Prendre simplement conscience de ces mécanismes l’a aidé instantanément. Nous avons travaillé ensemble pour renforcer son courage émotionnel en prenant de petits risques, expérimentant en même temps les émotions qu’il tentait de tenir à distance. Chaque action menée à son terme, qu’elle soit réussie ou non, lui a démontré que, à l’évidence, il y survivrait et lui a donné la satisfaction d’avoir affronté le risque, ce qui a bien entendu renforcé sa confiance en lui et l’a aidé à prendre des risques plus grands.
Très vite, il s’est senti armé (bien qu’il ne se soit sans doute jamais senti « prêt ») pour accomplir ce qu’il avait à faire depuis trois mois. S’appuyant sur sa nature prévenante, sa compassion et son humanité, il a renvoyé son chef des ventes (qui, accessoirement et sans surprise, savait ce qui l’attendait et s’est dit « soulagé »).

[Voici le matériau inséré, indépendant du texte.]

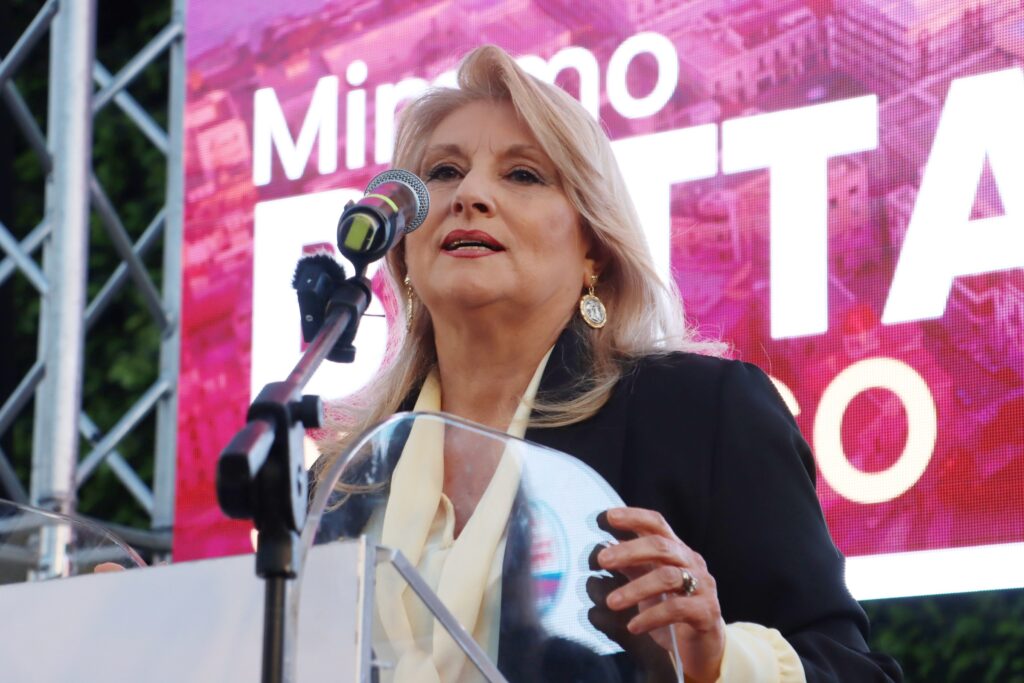 Comizio di Mimmo Battaglia a Piazza Duomo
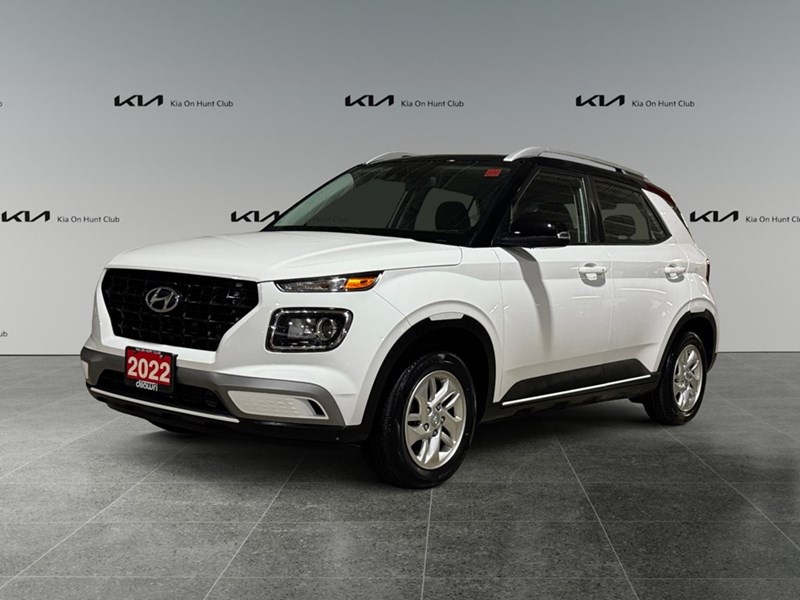 2022 Hyundai Venue Preferred IVT w/Two-Tone
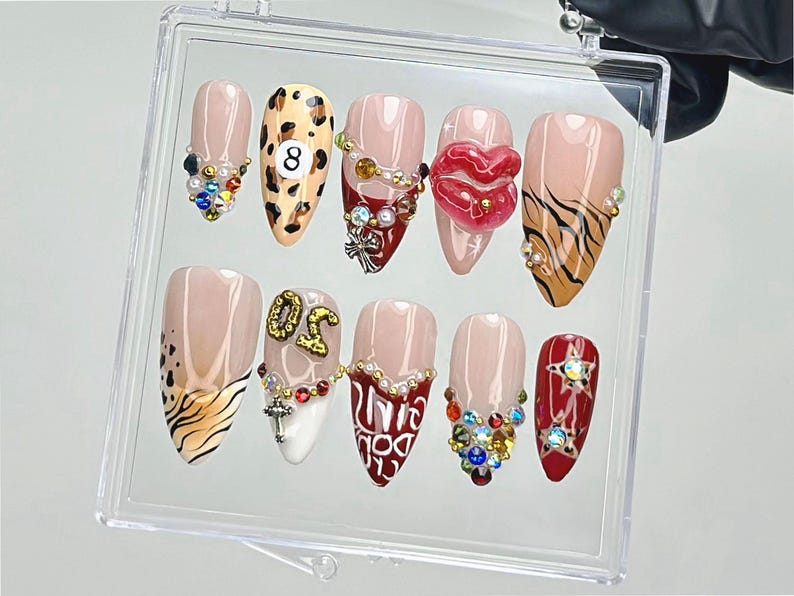 Leopard Rhinestone Press On Nails Bold Animal Print Fake Nails Girls Don’t Cry Nail Art 3D Lips & Crystal Press OnsNail ArtOB910YK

Brad a eu énormément de difficultés à lancer la conversation – c’est un sentiment quasiment inévitable lorsque vous devez mener une action qui demande du courage émotionnel. Mais c’est en faisant appel à son courage émotionnel qu’on le construit peu à peu. Brad est ressorti de cet échange avec le sentiment de s’être renforcé sur les quatre aspects : il avait gagné en assurance, il avait resserré les liens avec son équipe (et même, croyez-le ou non, avec son chef des ventes), il s’était recentré sur son objectif et avait développé son courage émotionnel.